To do | Give the listing again word for word, excluding the pictures it contains.

Recorded data |
▶

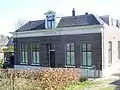 Vrijstaande blokvormige villa "Beukenheim"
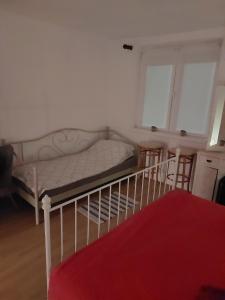 Postel nebo postele na pokoji v ubytování Ladanjska kuća Magistra Erdut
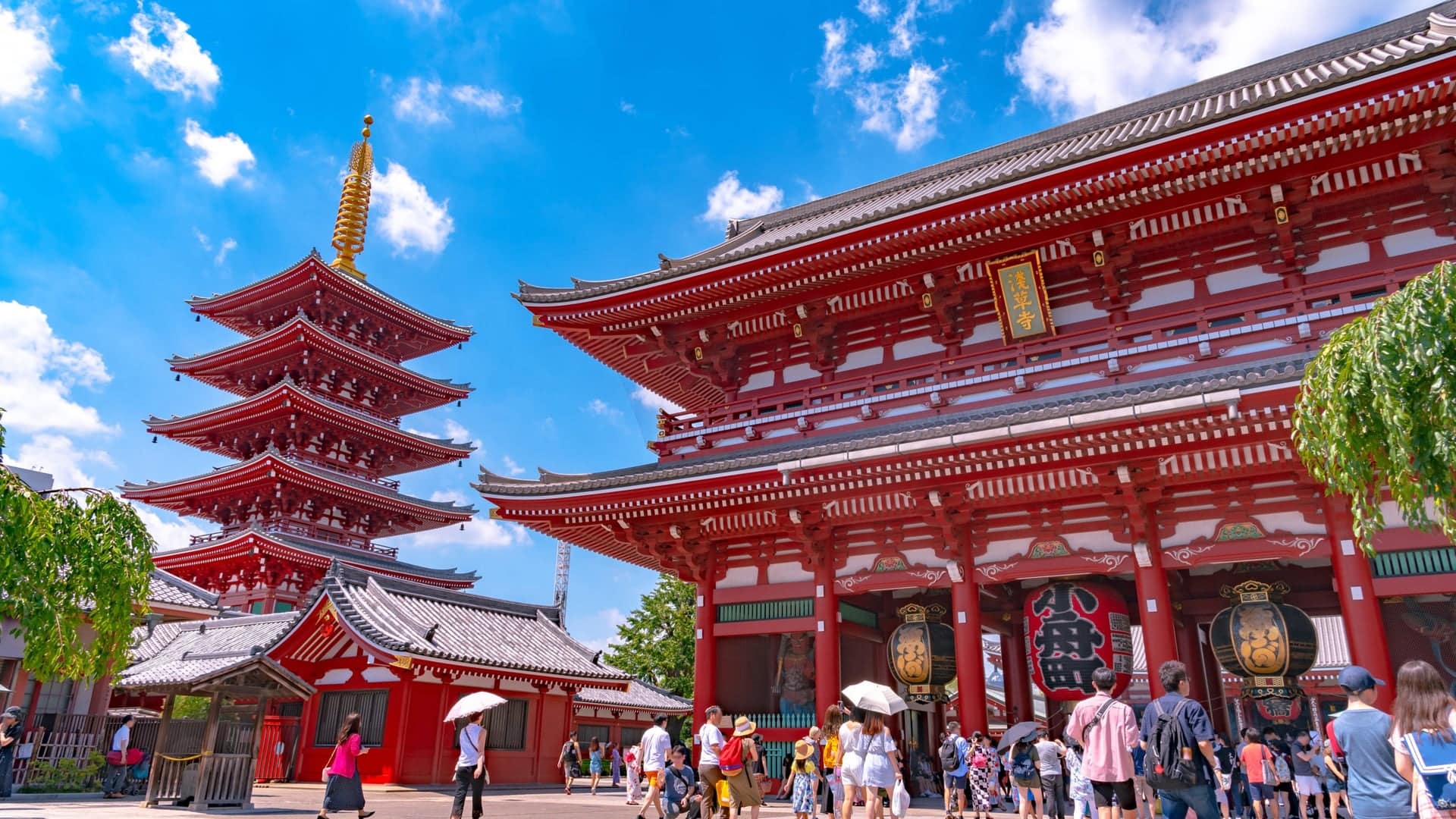 Red temple surrounded by crowds, and red temple tower calles Kaminarimon Gate.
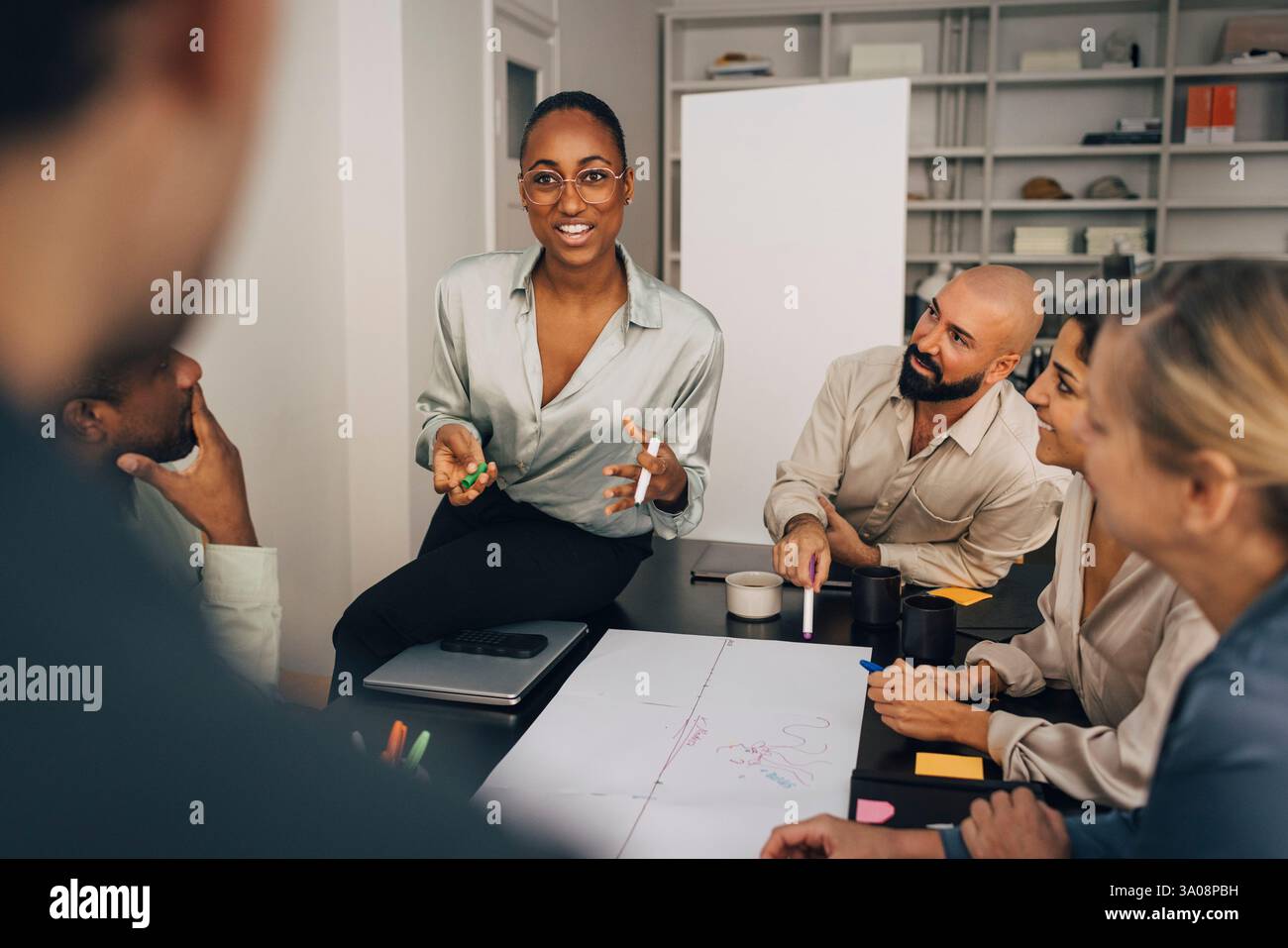 Femme d'affaires souriante discutant du plan d'affaires avec des collègues masculins et féminins lors de la réunion au bureau créatif Banque D'Images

◀

Solution to this problem |
 Vrijstaande blokvormige villa "Beukenheim"
 Postel nebo postele na pokoji v ubytování Ladanjska kuća Magistra Erdut
 Red temple surrounded by crowds, and red temple tower calles Kaminarimon Gate.
 Femme d'affaires souriante discutant du plan d'affaires avec des collègues masculins et féminins lors de la réunion au bureau créatif Banque D'Images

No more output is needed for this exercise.